Mast omlaag, kachelpijp omhoog |
Na 2500 kilometer Bergfahrt hebben we zojuist de mast gestreken. Na de sluis bij Regensburg kregen we de eerste brug met een doorgang van minder dan zeveneneenhalve meter, en van hier tot aan Mainz blijft dat zo. Daar staat tegenover dat we de schoorsteenpijp weer hebben opgezet. De dagen en zeker de avonden zijn een stuk koeler; deze week is de verwachting dat we nachttemperaturen van onder nul krijgen, en voor het eind van de week hebben we sneeuw in het vooruitzicht. We begonnen in april met 's ochtends rijp op het dek, we zullen in november met een witte kap eindigen ook.
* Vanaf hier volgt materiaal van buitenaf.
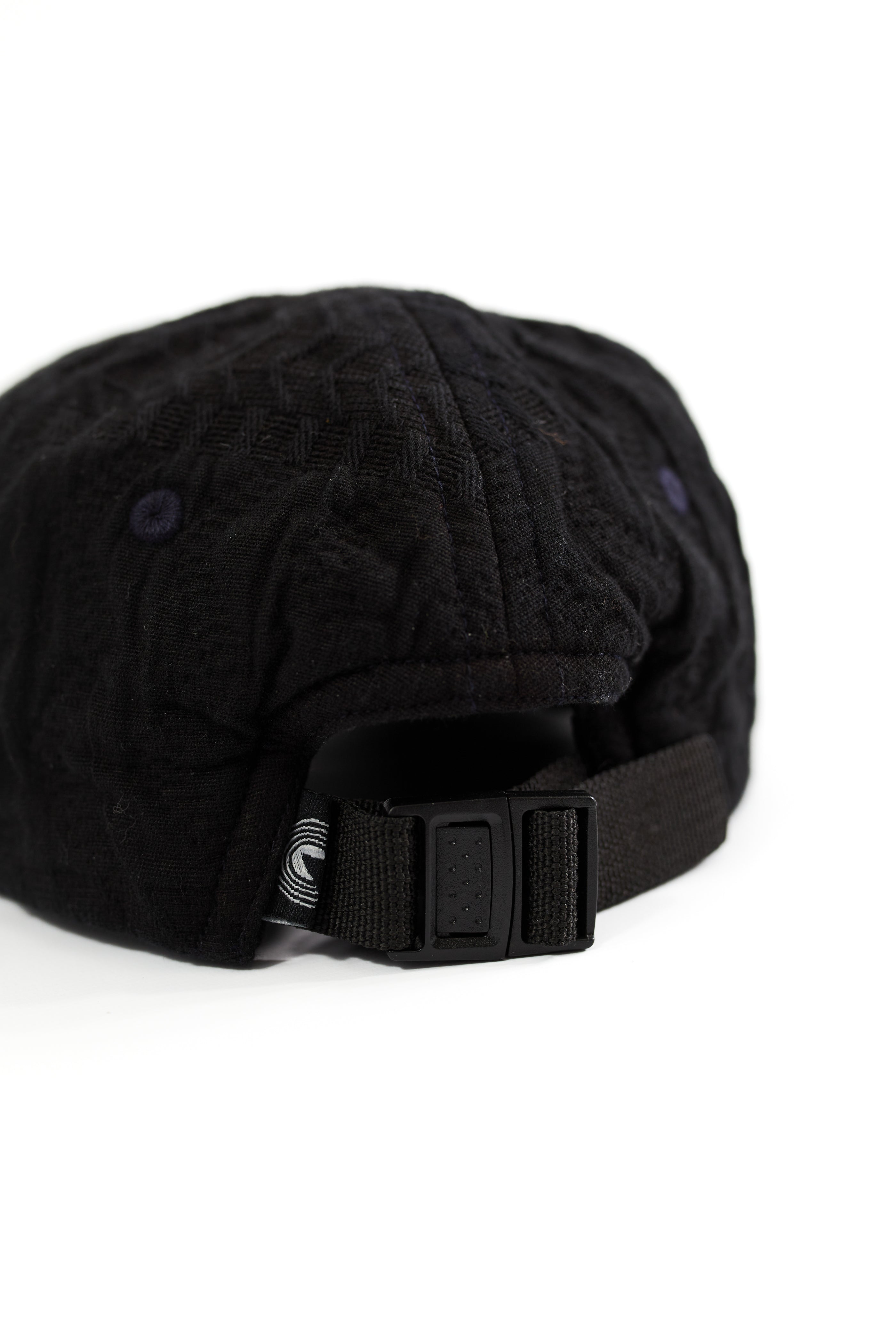 STOWE 5 PANEL HAT - BLACK OVERDYED DOUBLE WEAVE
Ertussenin zat een zomer met wekenlang temperaturen van veertig graden en meer. Het voelt alsof we naar de tropen zijn geweest en weer terug.
Wij verlaten een Donau die steeds priller en jeugdiger werd. In Roemenië was zij oud en breed. Nu, bij Kelheim, waar we bij kilometer 2412 het Main-Donaukanaal ingaan, komt de herinnering terug aan onze opwinding toen we op de heenweg eindelijk in de Donau waren. Nu vinden we het een vriendelijk, dun stroompje waar niet veel spannends aan te beleven valt. Een beginnend riviertje, met nog weinig vermoeden van wat er in het verschiet ligt. Wij nemen afscheid van jonge rivier terwijl wij haar oud gezien hebben. Zo gaat onze reis niet alleen tegen de stroom, maar ook tegen de tijd in.